NAIROBI, Kenya, Oct 25 – Firms seeking to prospect for oil, gas and other mineral resources in the country will have to part with more in license fees once the Ministry of Energy finalises new energy laws.
The Commissioner for Petroleum in the ministry Martin Heya said the newfound interest Kenya’s energy sector has gained with the discovery of oil in Turkana and natural gas in the offshore area around Malindi, boosts the country’s potential in exploration.
“We are reviewing the energy policy and the enabling Acts, like the Energy Act, Petroleum and Exploration Act and Geothermal Act to align them to the new Constitution,” he said.
The government has 10 to 20 percent participation interest in the Production Sharing Contract (PSC) with exploration firms.
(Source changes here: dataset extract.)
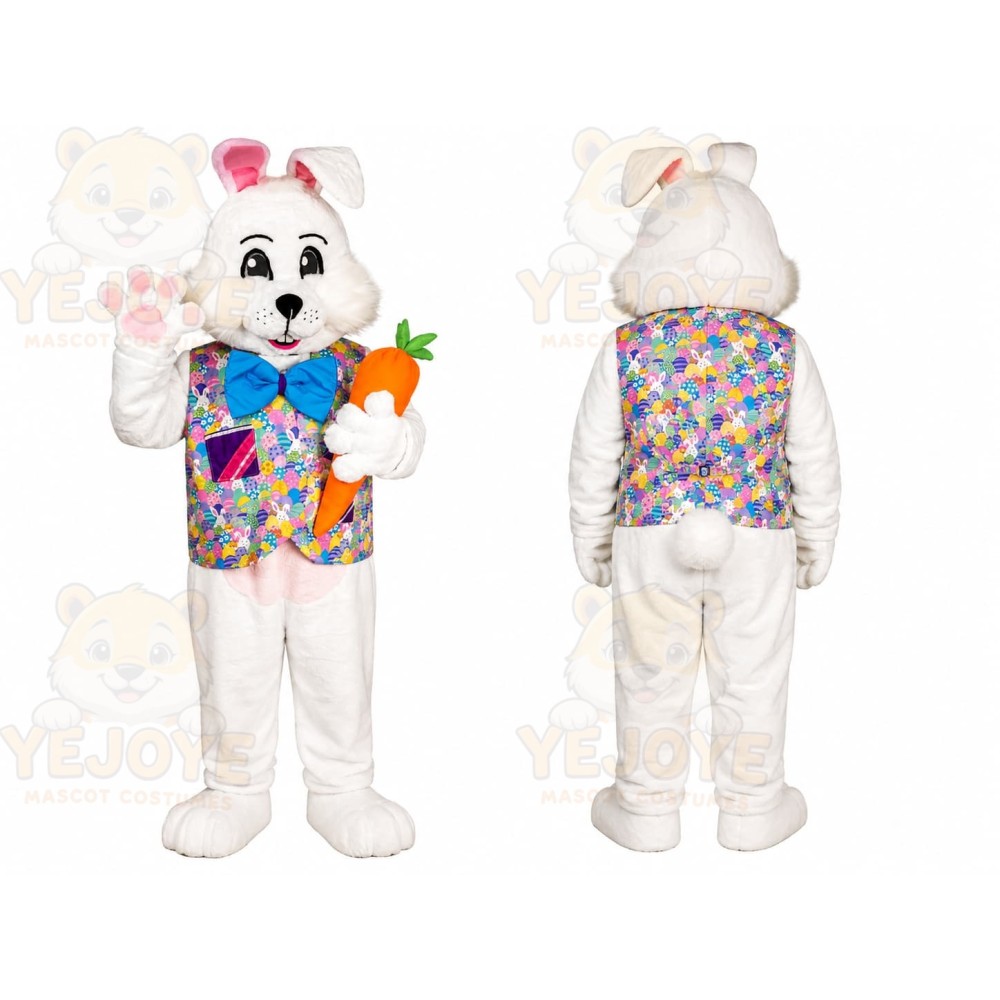 White Puppy Flowers Mascot Costume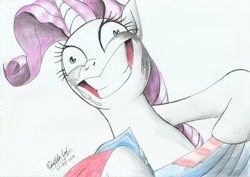 Size: 2331x1651 | Tagged: safe, artist:3500joel, rarity, pony, unicorn, fame and misfortune, g4, crying, faic, female, makeup, running makeup, scene interpretation, solo, traditional art, why i'm creating a gown darling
Currently the one-off payment signature bonus is $300,000 per block, which will be reviewed upward along with surface fees that range from $5, $10 and $15 per square kilometre per annum depending on the period of exploration.
“Initially the interest was very low so we had an open door policy on licenses. We could not attract the kind of companies with technical, financial and professional capabilities to look for oil in a serious manner,” Heya said.
Now that Kenya’s geological risk has reduced with the new resource finds, the ministry will soon require exploration firms to compete for blocks.
Kenya currently has 46 blocks, 45 of which are licensed, while one is under the National Oil Corporation of Kenya.
These blocks exist on four sedimentary basins in the country including Lamu, Mandera, Anza and Tertiary Rift that cumulatively cover 485,000 km² .
The East African region as a whole has 500 wells drilled so far, however this is well below the 20,000 drilled wells in West Africa, presenting a major opportunity for explorers in the region.
The petroleum reserves discovered in the East African region (excluding Sudan) are currently estimated to be in excess of two billion barrels of oil in place and four Tcf (trillion cubic feet) of natural gas.